Industrial IoT

How IoT Became an Industry

At Commander Automation, we have been building IoT systems for more than a decade. The early years of IoT, especially from 2012 to 2016, showed exactly where connected automation would create real value: inside homes, factories, warehouses, and logistics networks.

Where the earliest demand came from

Two areas created the first strong pull for IoT systems. Home automation made remote control tangible for ordinary users through lighting, appliances, and comfort systems. In industry, factories and manufacturers saw a more urgent need: they already had machine data, but it was fragmented across OEMs, hard to centralize, and rarely visible outside the plant in near real time.

What made IoT commercially viable

IoT became practical because several cost curves moved at the same time. Cheap internet, low-cost controllers such as Arduino, Raspberry Pi, and ESP32, rising machine data volumes, affordable cloud computing, lower storage costs, cheaper sensors, and ubiquitous smartphones all converged.
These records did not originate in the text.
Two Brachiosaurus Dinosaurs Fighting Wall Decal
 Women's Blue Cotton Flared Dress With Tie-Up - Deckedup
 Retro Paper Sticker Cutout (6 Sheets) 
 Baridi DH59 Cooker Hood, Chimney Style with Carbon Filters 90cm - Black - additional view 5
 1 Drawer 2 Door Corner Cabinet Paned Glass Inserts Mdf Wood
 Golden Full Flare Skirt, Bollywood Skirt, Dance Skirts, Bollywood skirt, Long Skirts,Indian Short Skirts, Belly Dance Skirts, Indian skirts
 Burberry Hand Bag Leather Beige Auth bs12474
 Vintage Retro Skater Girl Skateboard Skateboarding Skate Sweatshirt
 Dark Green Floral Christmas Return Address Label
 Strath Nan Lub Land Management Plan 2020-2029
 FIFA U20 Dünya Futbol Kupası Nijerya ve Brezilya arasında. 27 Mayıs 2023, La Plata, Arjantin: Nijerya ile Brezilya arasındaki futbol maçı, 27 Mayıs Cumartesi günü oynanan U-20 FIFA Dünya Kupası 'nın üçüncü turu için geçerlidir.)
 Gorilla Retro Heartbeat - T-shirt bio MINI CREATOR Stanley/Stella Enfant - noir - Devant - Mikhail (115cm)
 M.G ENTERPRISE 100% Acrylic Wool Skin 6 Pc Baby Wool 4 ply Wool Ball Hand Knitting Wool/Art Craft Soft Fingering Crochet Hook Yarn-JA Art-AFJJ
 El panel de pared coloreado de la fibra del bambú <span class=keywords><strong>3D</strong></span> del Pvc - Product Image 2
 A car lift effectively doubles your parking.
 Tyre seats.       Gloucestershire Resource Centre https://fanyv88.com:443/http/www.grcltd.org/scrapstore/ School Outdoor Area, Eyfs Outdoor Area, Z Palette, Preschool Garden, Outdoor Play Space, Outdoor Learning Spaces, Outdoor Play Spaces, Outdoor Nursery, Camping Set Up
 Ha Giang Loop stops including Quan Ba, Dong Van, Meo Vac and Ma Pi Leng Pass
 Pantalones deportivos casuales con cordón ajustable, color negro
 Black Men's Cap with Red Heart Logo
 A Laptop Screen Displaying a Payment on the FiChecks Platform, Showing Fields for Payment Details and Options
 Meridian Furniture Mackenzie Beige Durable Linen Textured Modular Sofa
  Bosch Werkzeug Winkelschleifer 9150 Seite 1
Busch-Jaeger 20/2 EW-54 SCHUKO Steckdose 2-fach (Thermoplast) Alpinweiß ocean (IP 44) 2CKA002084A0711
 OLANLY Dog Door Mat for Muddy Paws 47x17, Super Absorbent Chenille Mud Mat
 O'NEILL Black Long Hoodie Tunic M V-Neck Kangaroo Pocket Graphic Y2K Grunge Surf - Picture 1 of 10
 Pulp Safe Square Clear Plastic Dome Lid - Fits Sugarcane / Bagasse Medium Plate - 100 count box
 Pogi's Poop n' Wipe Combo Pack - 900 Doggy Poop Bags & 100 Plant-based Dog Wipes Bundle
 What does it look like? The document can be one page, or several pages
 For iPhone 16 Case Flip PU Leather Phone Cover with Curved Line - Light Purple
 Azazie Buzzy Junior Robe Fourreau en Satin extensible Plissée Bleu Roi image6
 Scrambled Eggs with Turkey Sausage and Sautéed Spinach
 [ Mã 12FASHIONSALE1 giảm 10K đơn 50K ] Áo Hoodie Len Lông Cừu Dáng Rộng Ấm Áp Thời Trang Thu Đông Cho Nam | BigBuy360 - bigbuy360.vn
Once those pieces were in place, machines could talk, data could move, and remote decision-making became economically realistic.

Cheap connectivity and affordable controllers changed IoT from an interesting concept into an operational tool for real businesses.

— Commander Automation

Why automation moved beyond visibility

Before IoT, factories often relied on people to review different machine screens, planning systems, warehousing data, and logistics information before taking action. IoT changed that model. Once data from different machines and systems could be captured continuously, algorithms and decision trees could compare live conditions against benchmarks and automate responses in scenarios where timing mattered.

That meant connected systems were no longer only dashboards. They became operating layers that supported real-time control, exception handling, and faster plant decisions.

Examples from real deployments

At Commander Automation, we have worked on industrial systems that capture live performance indicators from Siemens, Hitachi, and Fanuc-based machines and PLCs, including robotic arms, lathes, hydraulic presses, and injection molding equipment. We have also combined machine data with production-planning inputs, cloud algorithms, and decision logic to improve visibility and smooth operations.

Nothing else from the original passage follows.